«Сподвижники», однако, представляли собой объединение столь же пестрое, как Фабианское общество — консерваторы вперемешку с социалистами, милитаристы с пацифистами; их объединяло желание «что-то делать», но представления о том, что именно нужно делать, у них были разные. Рассел писал: «Его (Уэллса. — М. Ч.) позиция была мне ближе всех в этом собрании. По правде говоря, остальные шокировали меня до глубины души. Помню сверкающие, налитые кровью глаза Эймери во время обсуждения войны с Америкой, на которую „мы пошлем все взрослое мужское население страны“». Моментально начались те же раздоры, что и среди фабианцев; Рассел уже на следующий год из клуба вышел, будучи несогласным с идеей образования Антанты, которую отстаивал Грей. После этого «Сподвижники» превратились в обычный дискуссионный клуб, просуществовав до 1909 года.

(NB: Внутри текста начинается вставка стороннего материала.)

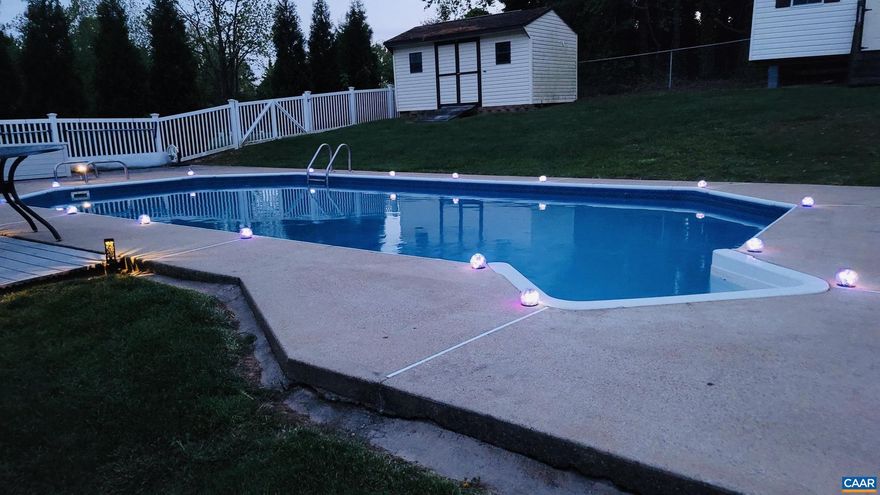 Summer is heating up refresh in your personal in-ground pool which has been consistently professionally maintained! Take a look at this lovely home located in a prime spot in Augusta County (desirable Riverheads School District), benefiting from lower taxes but so convenient bordering the outskirts of the City of Staunton.  Minutes from downtown Staunton, shopping and interstate access, this spacious 3-bedroom, 2 1/2 bath home features an open-concept with plenty of space. Enjoy almost 2000 sq ft... perfect for both everyday living and entertaining. Step out back to a large, fenced-in yard, ideal for family gatherings, cookouts, and your furry friends! Cool off in your very own in-ground pool?ideal for soaking up the sun and making the most of those warm Summer days! The property also includes two large outdoor sheds for all of your storage needs. Other recent upgrades include: newer roof, vapor barrier installation in both the crawlspace and attic, and luxury vinyl flooring throughout. Don?t miss this opportunity and schedule your showing today!,Solid Surface Counter,Wood Cabinets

В феврале 1903-го Уэллс был наконец-то принят в Фабианское общество. Правила приема были строги: требовались две рекомендации (их дали Шоу и Грэм Уоллес), затем кандидатура утверждалась исполкомом, чтобы отклонить ее, требовался лишь один голос против. Но в первые годы XX столетия Фабианское общество переживало не лучшие времена: слишком маленькое для политической партии (на что указывал Уоллес), слишком большое для активной группы влияния (на что сетовал Уэбб), оно превратилось в аморфное объединение. Оно не росло, в начале века в нем состояло всего 700 человек, из которых не более ста могли считаться активными членами. Кроме того, фабианцы ссорились со всеми «попутчиками». Еще в 1890-х они разошлись с Либеральной партией; в начале века, когда был сформирован Комитет рабочего представительства, с 1905 года превратившийся в Лейбористскую партию, фабианцы принимали участие в его работе, но влияния не достигли. С одной стороны, они были чересчур разборчивы — либералы для них «слишком правые», лейбористы — «слишком левые»; с другой — в их собственных рядах имелись люди, бывшие по своим убеждениям левее коммунистов и правее консерваторов. Внутри самого общества царил разброд (особенно усилившийся после Англо-бурской войны), поговаривали о его ликвидации. Новые влиятельные сторонники были нужны как воздух.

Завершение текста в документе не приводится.